Philippe Berthommier prend position face à l'art canonisé "contemporain" actuel. Il recherche l'essence de ce qui fait l'humain.
Assis à l’extrémité d’une longue table du hall aux allures d’atrium au cœur de l’atelier, Philippe, détendu, nous invite à observer l’art depuis son point de vue.
“Avec Marcel Duchamp, on introduit l’idée qu'est art, ce que je décide qui est de l’art”. Si une personne peut décider ce qui est de l’art, une personne peut aussi décider ce qui ne l’est pas. Ce positionnement est devenu l’art officiel. L’exposition et la notoriété sont indexées par rapport à l’influence que l’on attribue à l’artiste.

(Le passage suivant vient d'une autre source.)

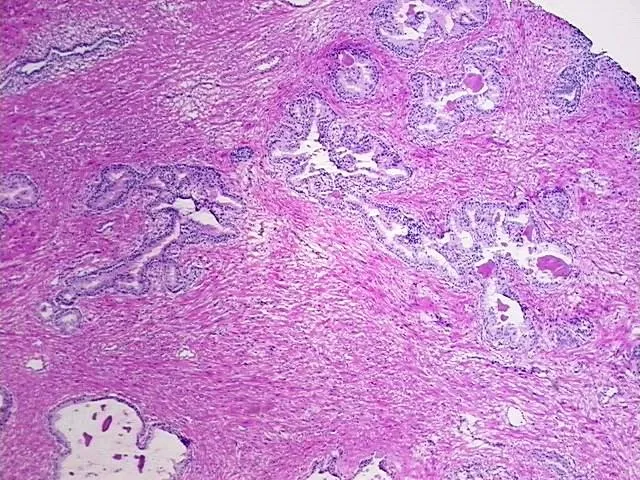 Tissue Genomic DNA, Prostate - image 1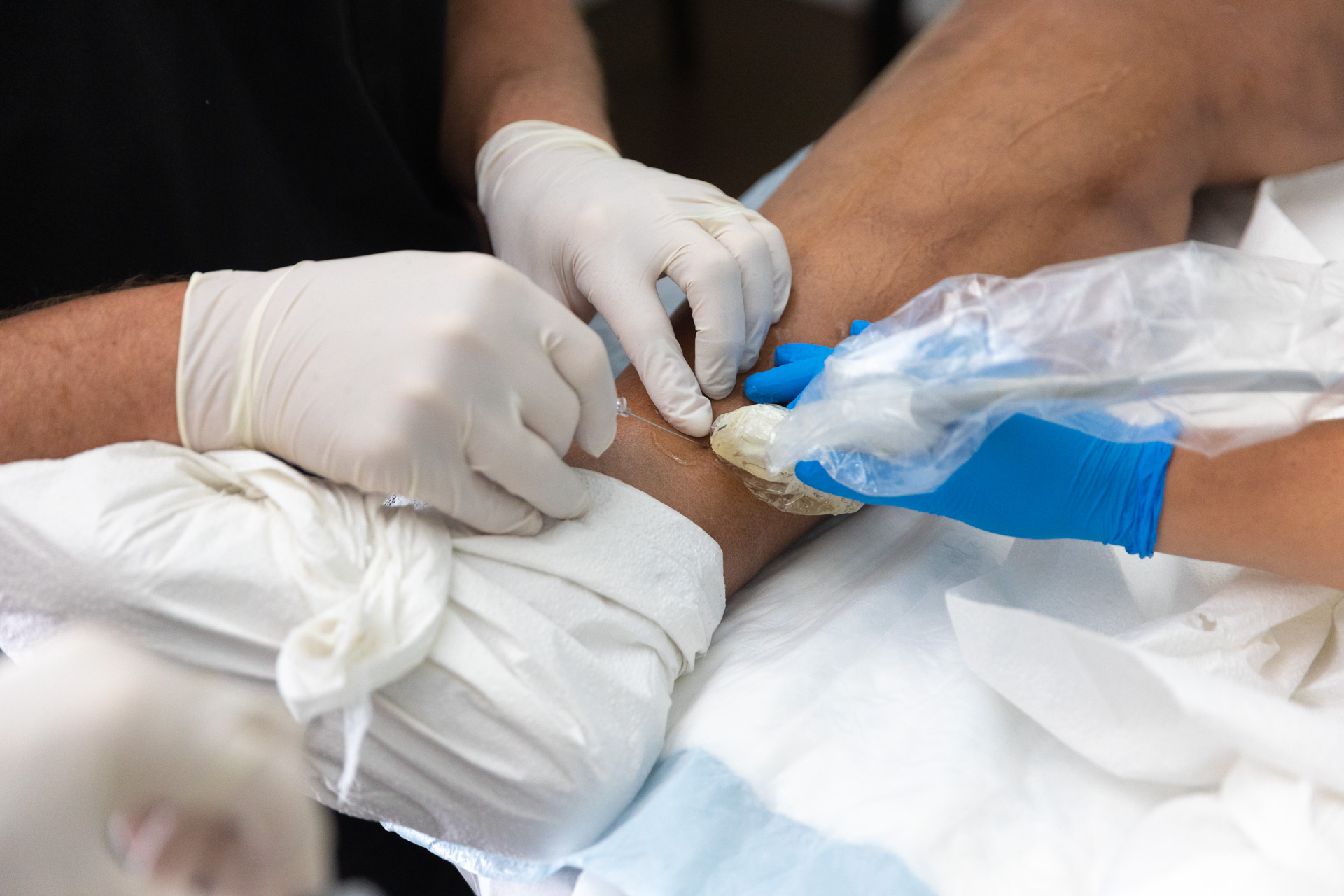 Close-up of a specialist performing a treatment to address a patient's vein pain in Fort Myers.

Professeur d’histoire de l’art, Philippe travaille la matière de la connaissance artistique autant qu’elle le travaille. Il s’est toujours éloigné des courants dominants. “Aujourd’hui tu fais un tas de sable, tu mets une ampoule, tu produis un texte et puis voilà !” Et l’art conceptuel ne lui suffit pas : “Je suis vivant, je suis fait de chair et d’os, j’ai faim, j’ai soif, je désire, je suis amoureux... Je ne vis pas qu’avec du concept. J’ai besoin de sensualité, de matière, d’accident, de biffures, de regrets… Comme la vie.”

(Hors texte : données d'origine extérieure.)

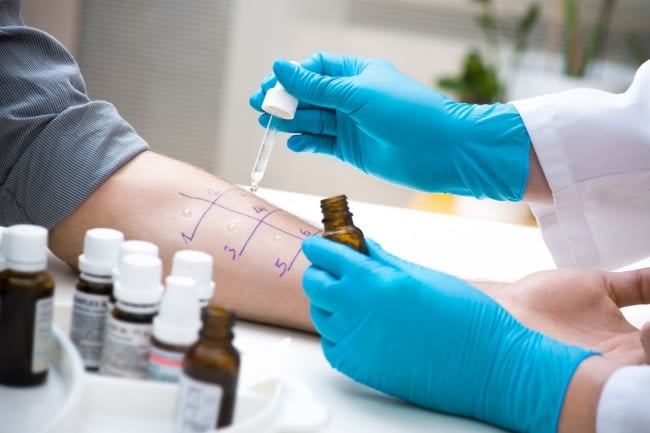 Skin prick test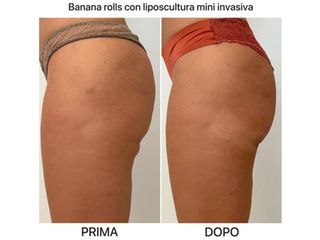 Liposuzione - Dr. Raoul Novelli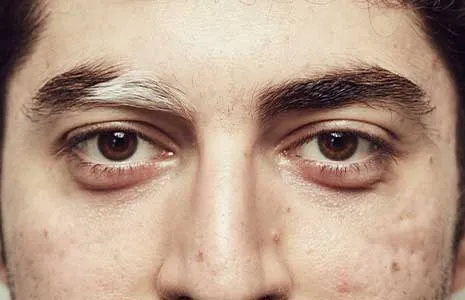 Hair and Eyebrow Whitening in Vitiligo Patients: Causes and Treatments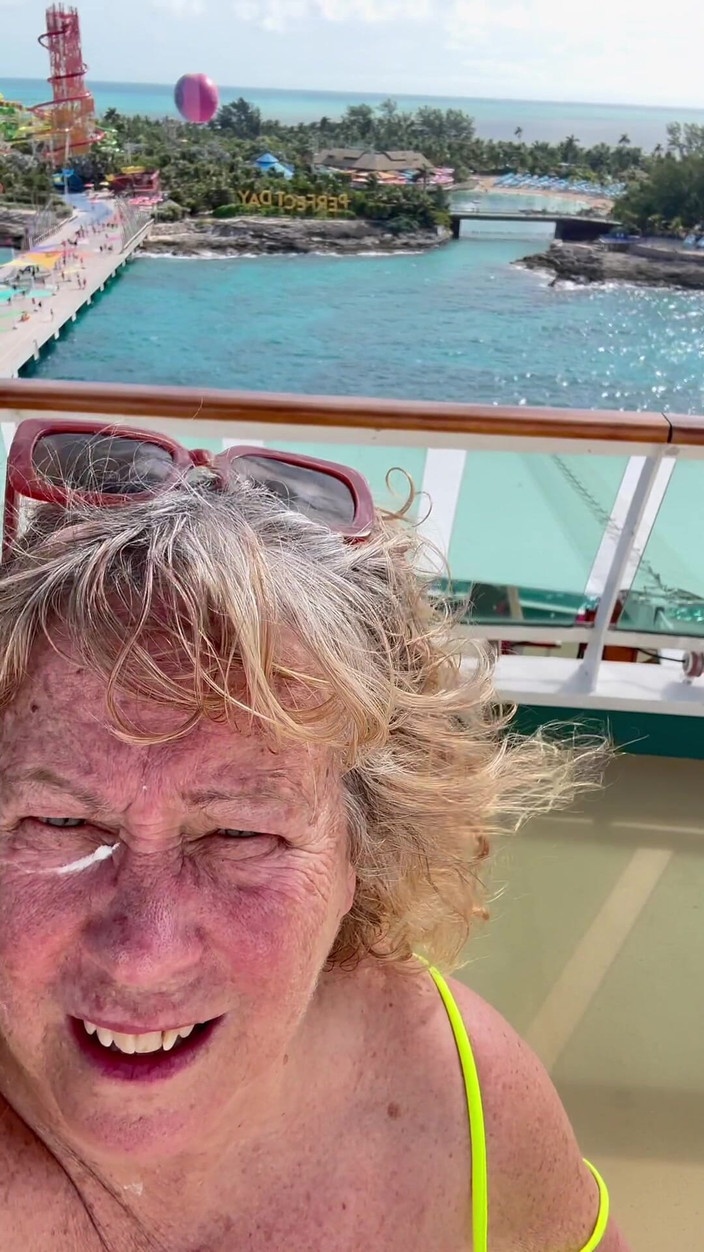 Big Ass 4 U: 모든 마지막 주근깨에 선스크린 넣기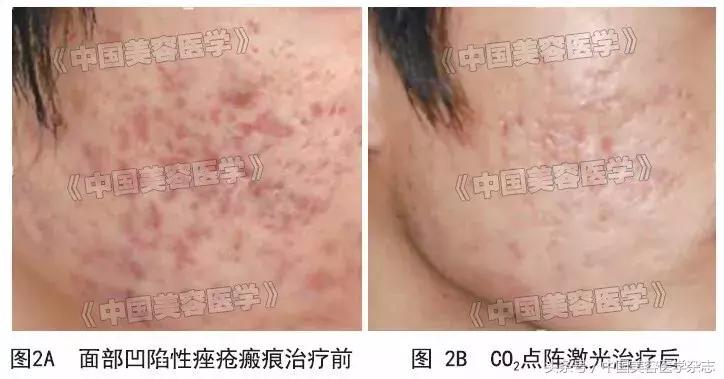 点阵激光打凹陷性疤痕,点阵激光治疗瘢痕疙瘩的效果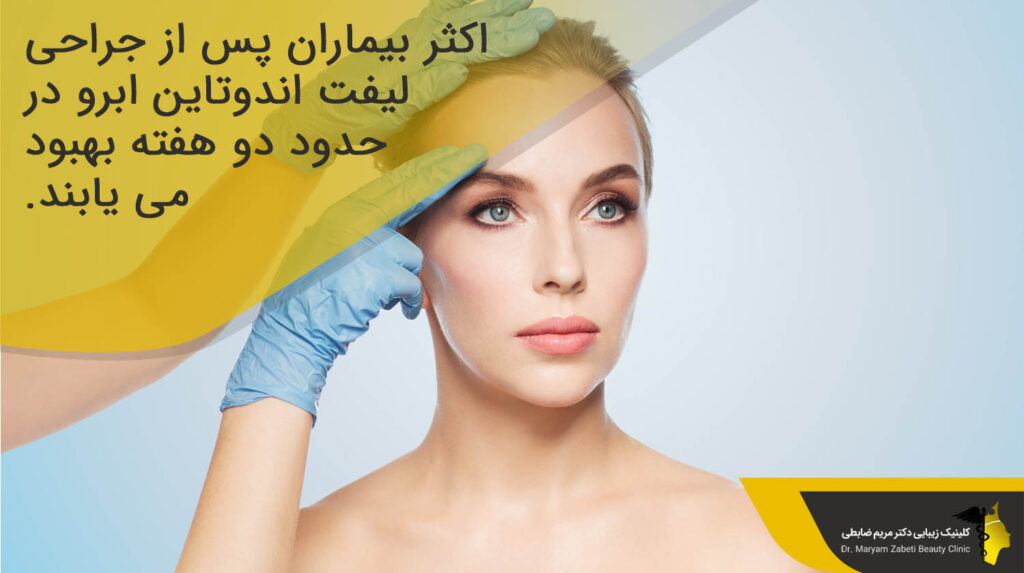 پس از جراحی لیفت اندوتاین 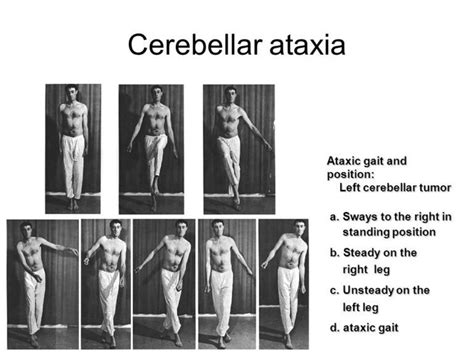 Cerebeller Ataxia : Cause,Symptom's,Diagnosis, Physiotherapy Treatment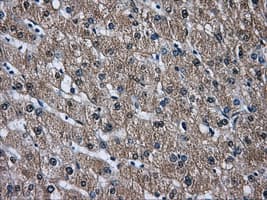 DCXR Antibody (clone OTI9C9)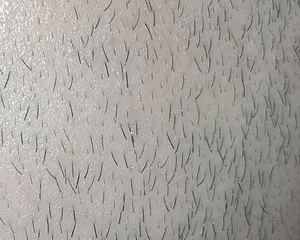Close-up of real beard hairs on skin, before analysis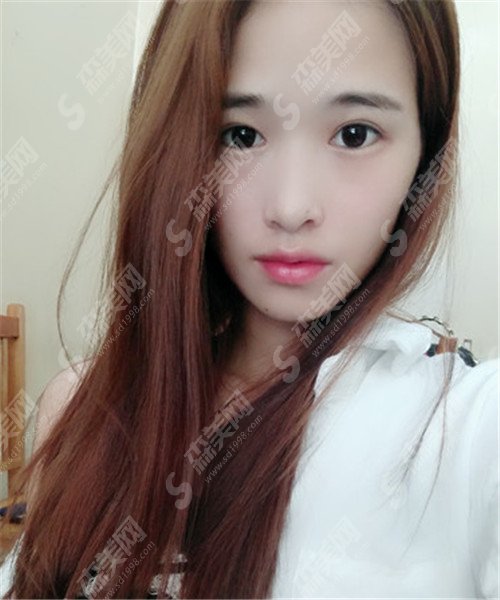 2021年北京大学第一医院激光整形科价格表+医院医生介绍+真实案例(恢复照片)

L’art contemporain est “plastique”, superficiel, là où Philippe cherche dans les arts plastiques les traces du vivant. En 1989, l’exposition "Les magiciens de la terre” l’envoûte, apporte quelques pistes de réponses et produit un déclic en lui. Elle fertilise le terreau qu’il travaille.

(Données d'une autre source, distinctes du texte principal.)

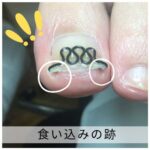 【巻き爪】食い込みの跡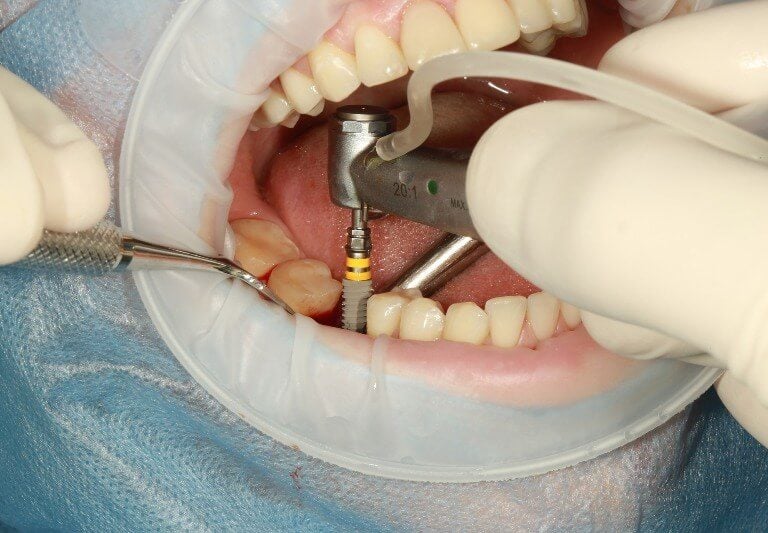 Implantes dentales en Santo Domingo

“Jean-Hubert Martin invitait des artistes de tous les continents, déstabilisant un monde de l'art contemporain exclusivement limité aux frontières de l'Europe et de l'Amérique du Nord. Voyageant et se tournant vers des artistes enracinés dans des cultures ancestrales, résistantes au post colonialisme, en lutte contre le totalitarisme, et surtout curieux de l'ouverture planétaire émergente. Un double tabou était brisé ; celui selon lequel il n'existait d'art contemporain qu'en occident, et celui qui interdisait de montrer des œuvres de cultures différentes côte à côte.”